This post was written by Cynthia O’Donoghue.

After 10 years of debate, South Africa’s President Jacob Zuma has finally signed South Africa’s first framework privacy bill into law, the Protection of Personal Information Bill (PoPI). PoPI will reinforce the right to privacy under Article 14 of the South African Constitution. PoPI will take effect one year after the date of enactment, though there is potential for this transition period to increase to three years, dependent on discussions between the Minister of Justice and Constitutional Development, and the newly established data protection authority (DPA). After this date, the DPA will be empowered by PoPI to enforce fines of up to 10 million Rand ($957,171) for non-compliance.

PoPI will provide protection for both individuals and juristic persons, including corporations. The new law will also allow the DPA to file lawsuits on behalf of individuals against data controllers. Data controllers will have to be aware of this strict liability they will bear, and the potential for remedies sought to include aggravated damages.

PoPI is based upon a framework of conditions, including:

  • Accountability – Data controllers will bear ultimate liability and responsibility for compliance with PoPI
  • Processing Limitation – data may only be processed lawfully and excessively, and with consent of the data subject (which can be withdrawn at any time.) Explicit consent of the data subject is required for processing sensitive data.
  • Purpose Specification – data may only be collected for a specific, explicitly defined and lawful purpose. Any data collected should not be retained any longer than is necessary for achieving that purpose.
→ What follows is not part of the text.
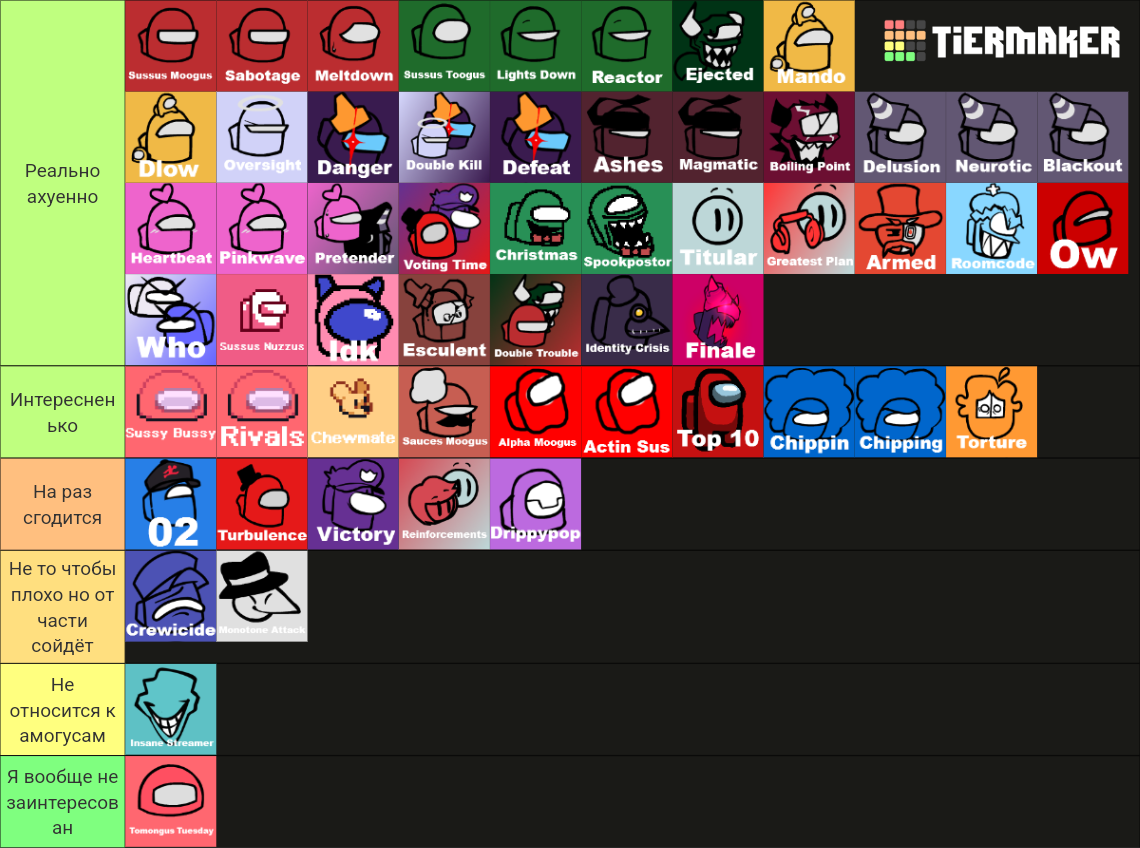 Vs Impostor V Tierlist Tier List Community Rankings Tiermaker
Explicit consent is required for direct marketing.
  • Further Processing – any further processing must be compatible with the original purpose of collection
  • Information Quality – reasonable steps must be taken to ensure data is complete, accurate, not misleading and updated when necessary
  • Openness – Data controllers must retain open records documenting all processing operations undertaken, and must take reasonable steps to ensure data subjects are informed of the purpose and extent of data collected; the identity of the data controller; whether provision of the information is mandatory or voluntary and the consequences of failure to supply that information; any subsequent disclosure to third parties; and the full extent of rights available to data subjects under PoPI
  • Security Safeguards – Data controllers must take responsible steps to secure the integrity and confidentiality of personal data in their possession by taking appropriate technical and organisational security measures. Any security compromises must be notified to the DPA and the data subject concerned.
  • Data Subject Participation – A data subject has rights under PoPI to access or correct their personal information held by the data controller

President Jacob Zuma commented, ‘PoPI will give effect to the right to privacy by introducing measures to ensure that the personal information of an individual is safeguarded when it is processed by responsible parties.”